PHOENIXVILLE >> He propelled around Phoenixville’s Washington Field track last Friday with the greatest of ease.
Watching Dorian Burnell compete at last week’s Pioneer Athletic Conference Track & Field Championships turned more than a few heads and garnered lots of non-partisan cheers, though few outside the Boyertown contingent knew the back story.
Burnell, a sophomore at Boyertown High, is a member of the Bears’ track & field team. He is also a wheelchair athlete.
Burnell was born with Spina bifida, a birth defect where there is incomplete closing of the backbone and membranes around the spinal cord.
Burnell has been participating in track for two years. He does so with the use of a hand-powered bicycle.
“I had three personal bests today (last Friday),” Burnell said after competing in the 100, 200 and 400. “That’s the goal, to just run faster.”
It was a banner day for the Bears’ athlete after being limited this season following an operation.
Since the PIAA regulates track & field and all other sports’ postseason competitions, Boyertown made a special request to have Burnell participate at the league championship meet.
“The PAC voted him in to come here,” said veteran Boyertown boys track and field coach Jon Zellers. “He deserves it.”
Participating in track isn’t Burnell’s only athletic pursuits – ‘This is one of my many sports,” he said.
Among the other sports is sled hockey, where is a member of a national-caliber contingent.
“I started (hockey) in seventh grade. This will be my fourth year,” Burnell said. “I always was in cycling.”
The Burnell family has always lived in the Boyertown area.
“I got my bike from a group IM ABLE (Foundation) in Reading,” he said. “I can go bigger. Right now, I have a youth bike.”
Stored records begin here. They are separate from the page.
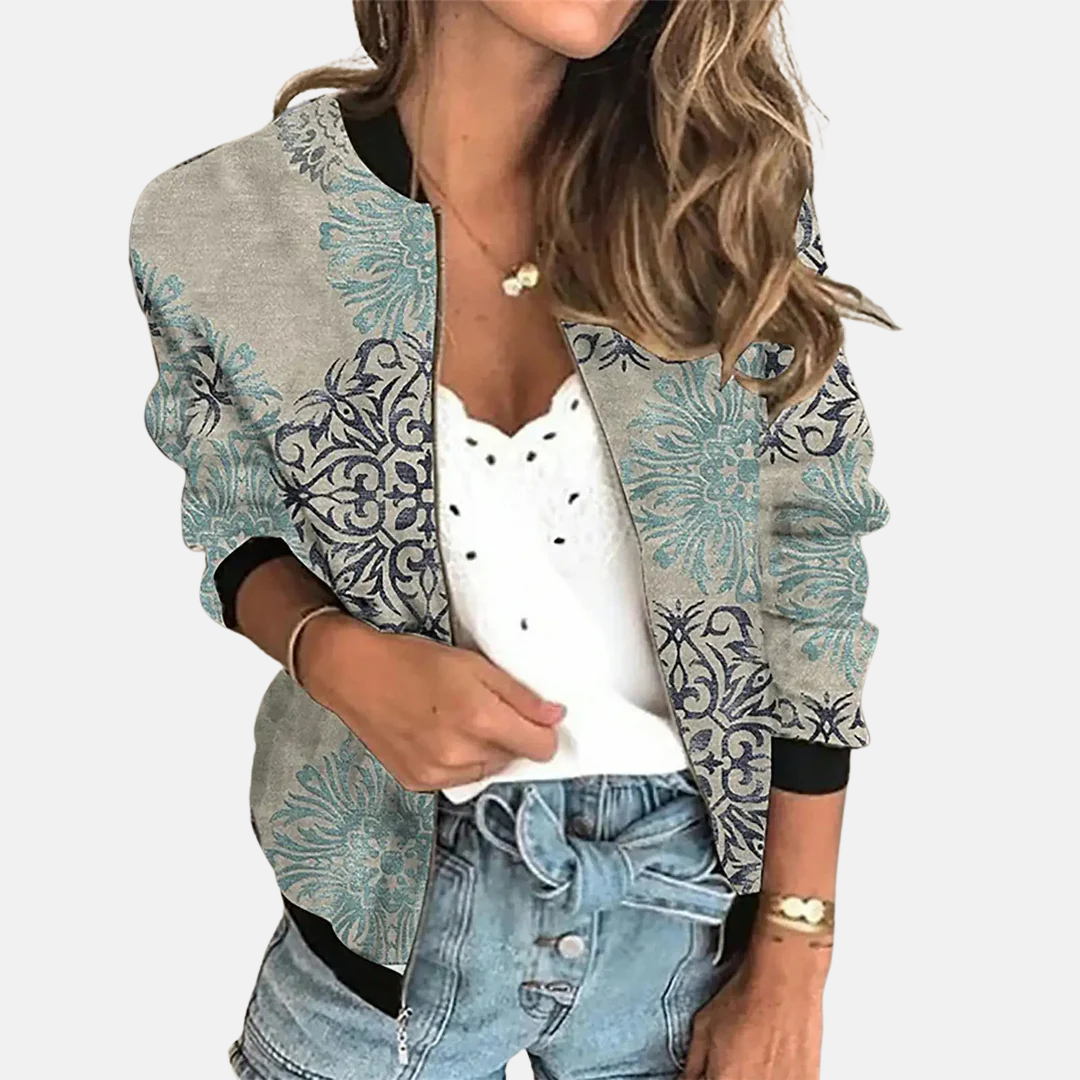 Heidi-Mode | Retro Print Kurzjacke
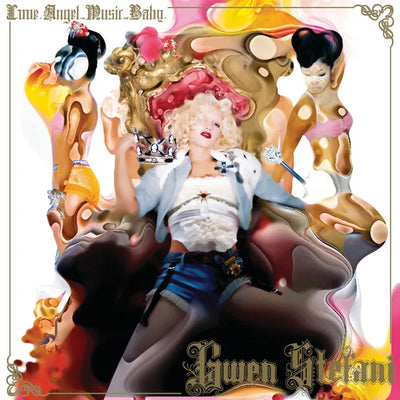 Music print | Gwen Stefani - Love. Angel. Music. Baby.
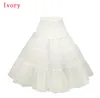 새로운 짧은 웨딩 페티코트 화이트 블랙 레드 Crinoline Girls Enaguas Novia Underskirt Rockabilly 페티코트 Jupon Mariage Enaguas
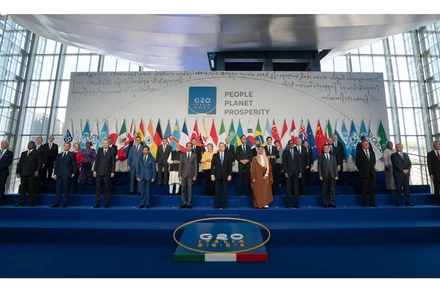 Các nhà lãnh đạo G20 tại Hội nghị cấp cao tổ chức ở Italia. (Ảnh G20.org)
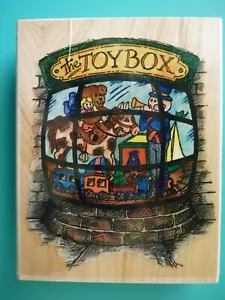 Toy Store Window, The Toybox - Large STAMPENDOUS Rubber Stamp - Picture 1 of 2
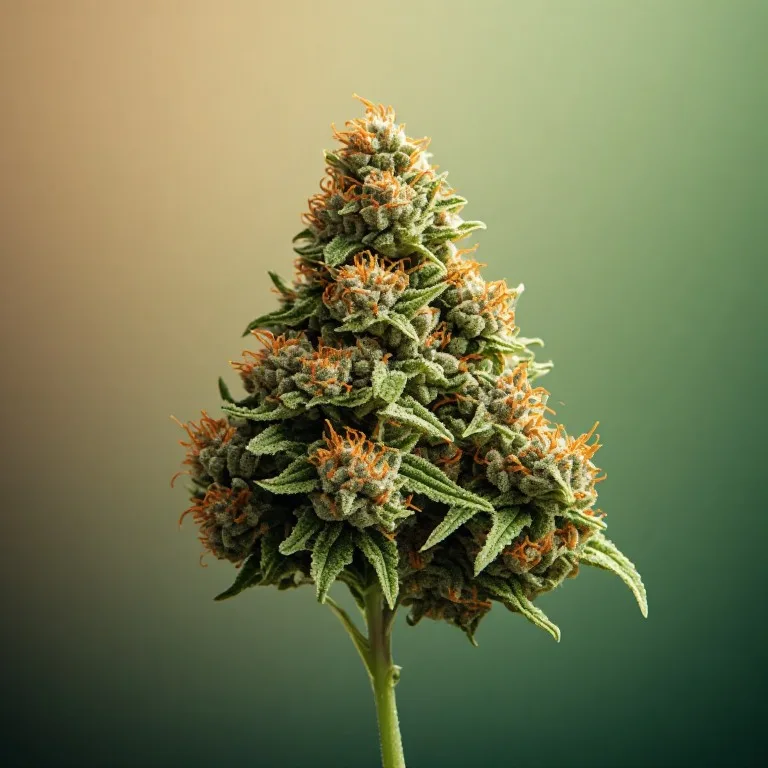 MAC (Miracle Alien Cookies) — hybrid cannabis flower, macro photo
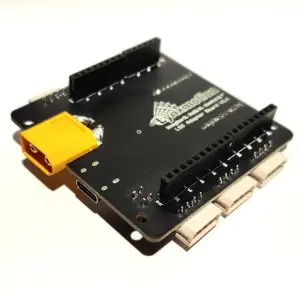 Adaptador Serial y Placa de Distribución de Energía Lynxmotion SES-V2 LSS (LSS-ADA)
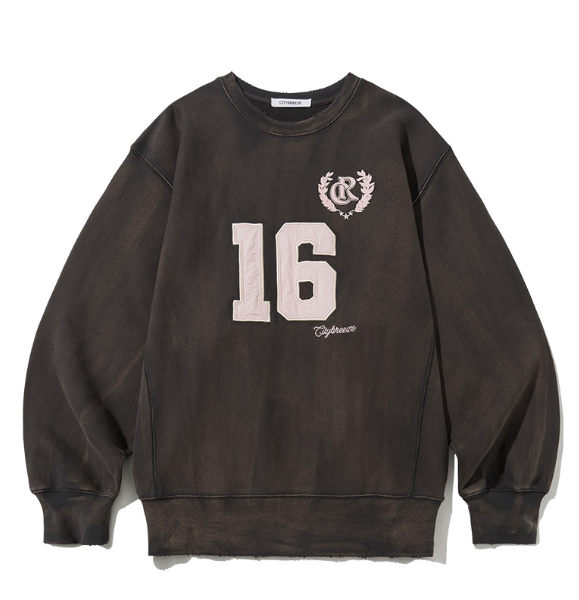 [Nct Doyoung Pick]25FW Citybreeze Vintage Numbered Sweatshirt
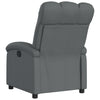 Stella Homewares Recliner Chair Dark Grey Fabric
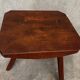 Brutalist stool solid oak Mobichalet type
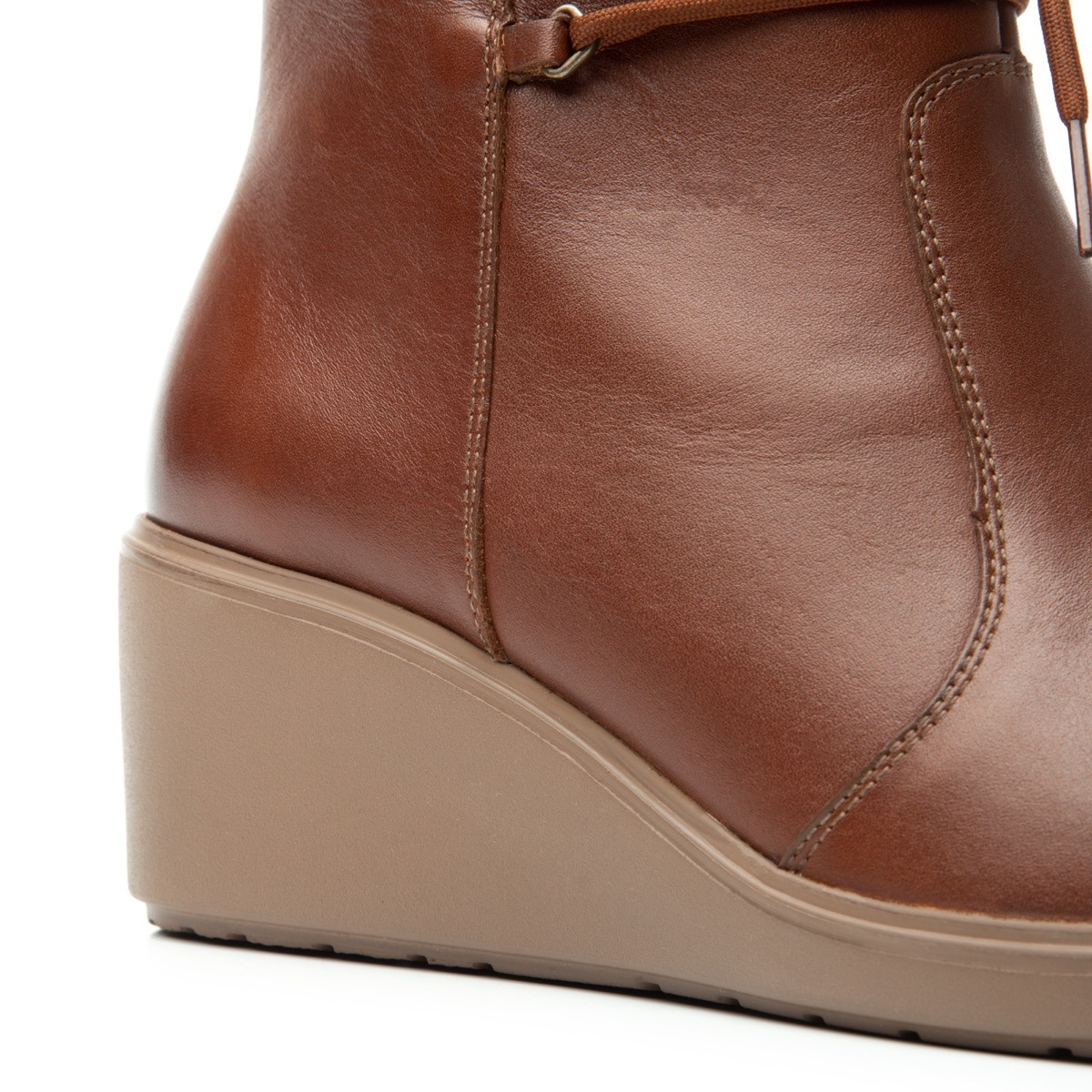 Botín Casual Flexi Con Cuña Para Mujer - Estilo 101507 Café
The Wyomissing-based IM ABLE Foundation seeks to remove obstacles that prevent people affected by disabilities from being physically active by providing grants, resources, fitness opportunities and motivation. Burnell is a grant recipient of the foundation that was created by Chris Kaag in 2002.
Dorian would like to continue competing as a wheelchair athlete as long as he can. But he also harbors long-range plans in terms of a career path, too.
“I want to go into Orthodontic Prosthetics,” said Burnell.